**Task requirements**
Transcribe the full listing exactly, and drop every picture.

**Data for this exercise**
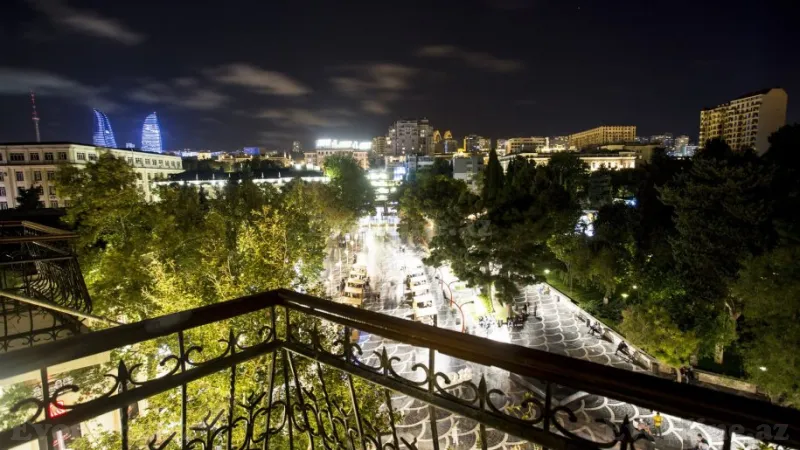 Kirayə verilir 4 otaqlı Mənzil Köhnə tikili 100 m² Sahil m. - şəkil 7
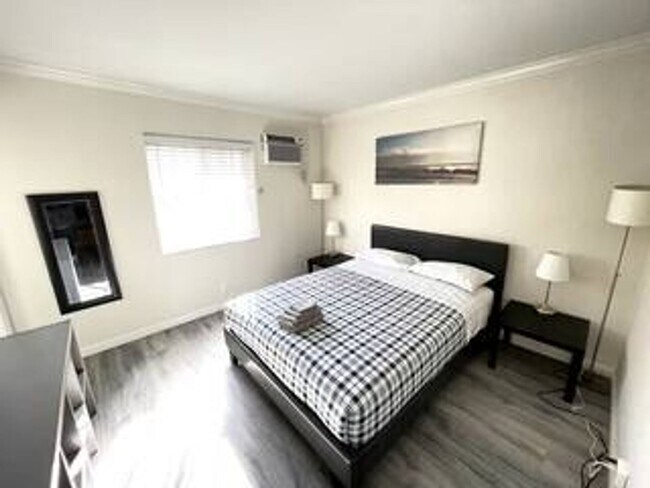 Photo - 3771 Jasmine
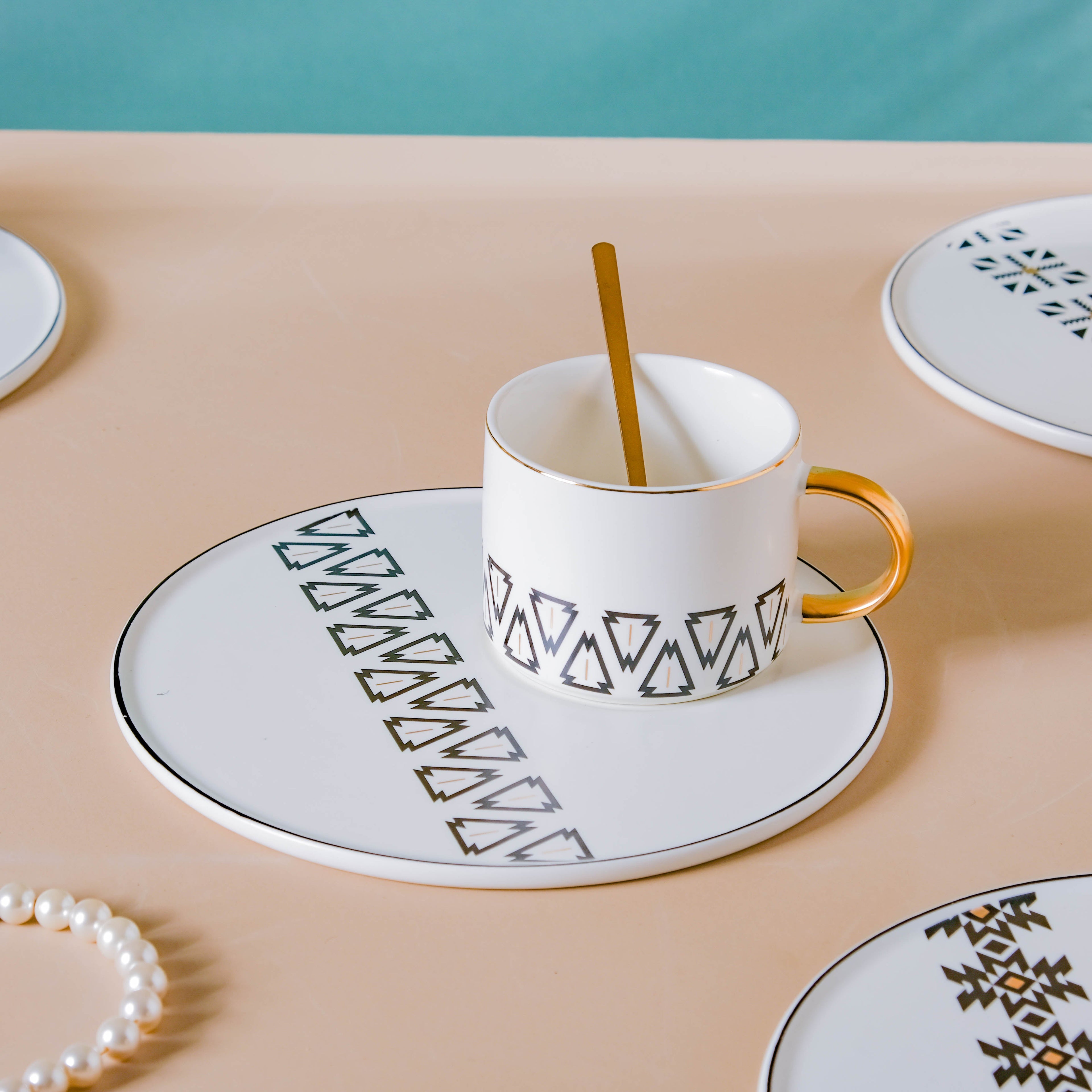 Geometric Cup And Plate Set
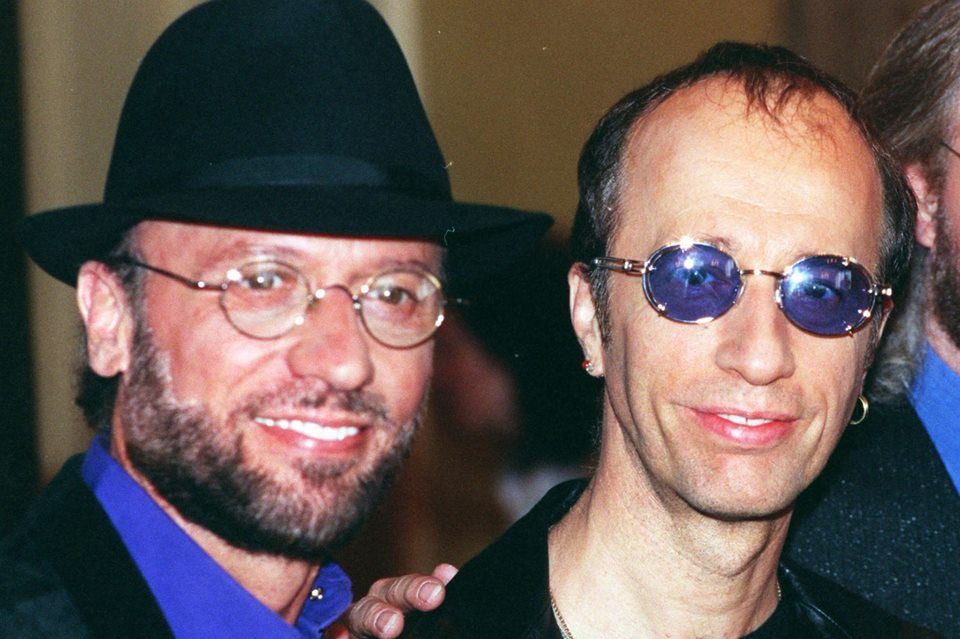 “I Wish Mo Was Here”: Robin Gibb’s Last Whisper and the Bond That Transcended Life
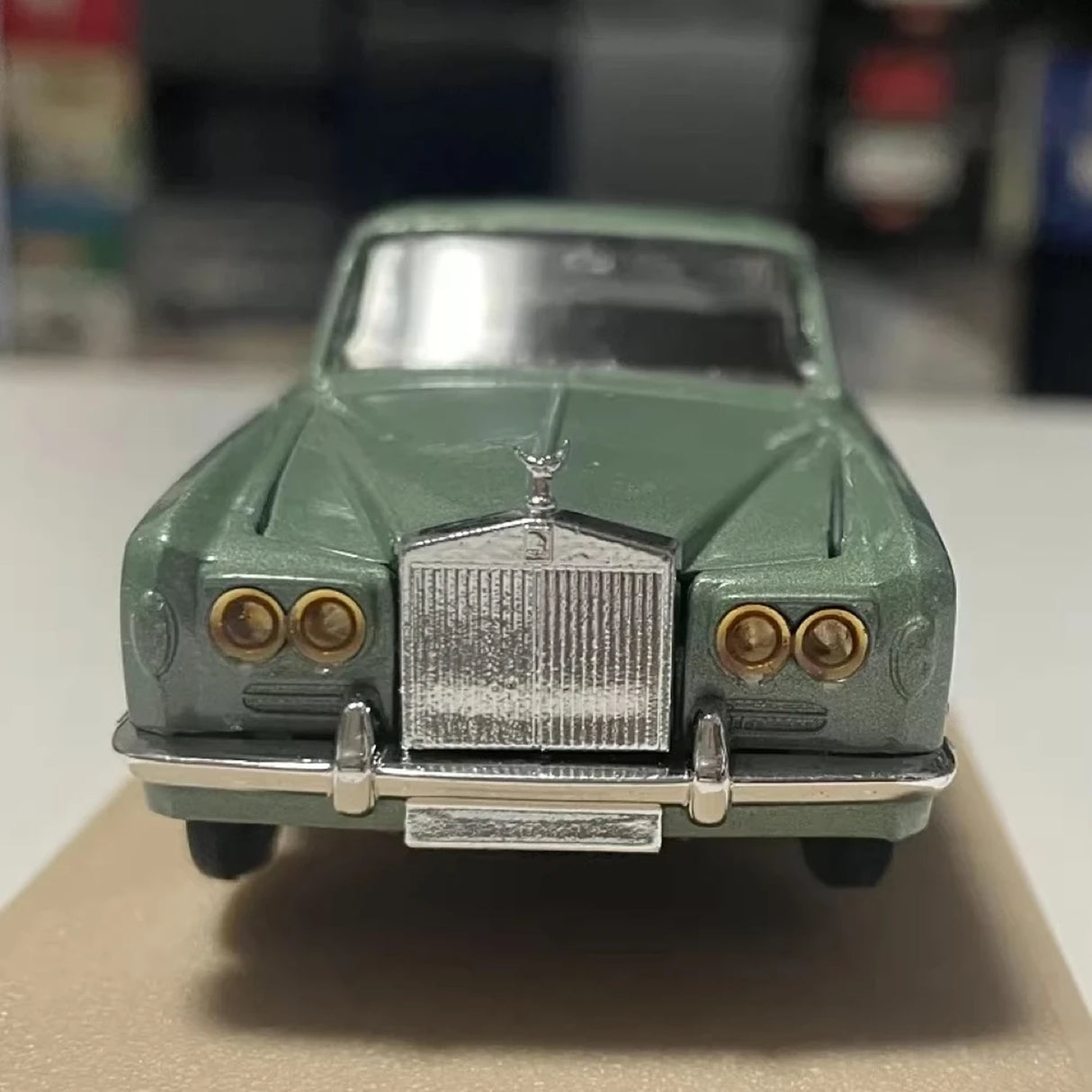 Eligor Rolls-Royce 1975 Silver Shadow Green 1:43 – Collectible Diecast Model Die-Cast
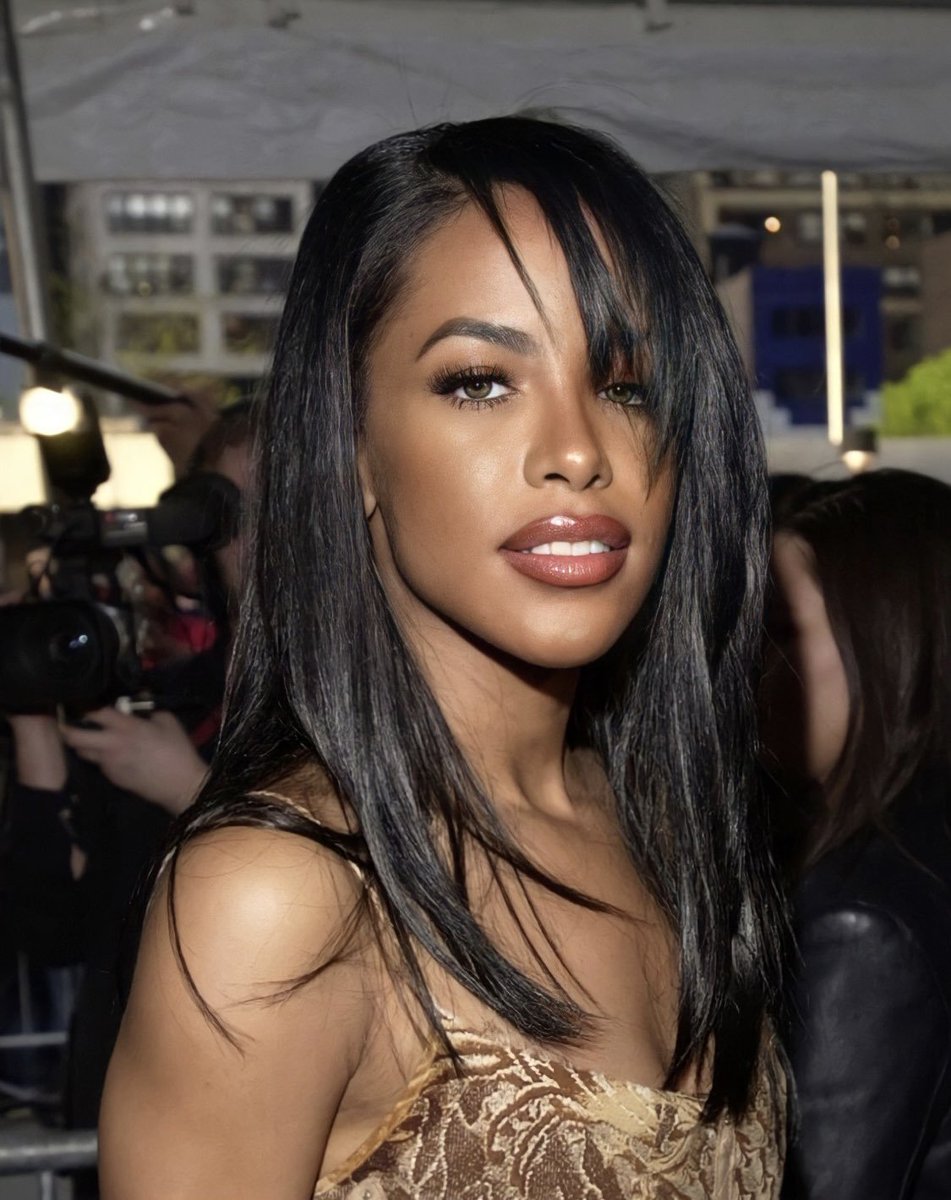 Aaliyah_Fanatic's tweet image. her smooth transition from the 90&apos;s to the 2000&apos;s isn&apos;t talked about enough-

**Result for this task**
 Kirayə verilir 4 otaqlı Mənzil Köhnə tikili 100 m² Sahil m. - şəkil 7
 Photo - 3771 Jasmine
 Geometric Cup And Plate Set
 “I Wish Mo Was Here”: Robin Gibb’s Last Whisper and the Bond That Transcended Life
 Eligor Rolls-Royce 1975 Silver Shadow Green 1:43 – Collectible Diecast Model Die-Cast
 Aaliyah_Fanatic's tweet image. her smooth transition from the 90&apos;s to the 2000&apos;s isn&apos;t talked about enough-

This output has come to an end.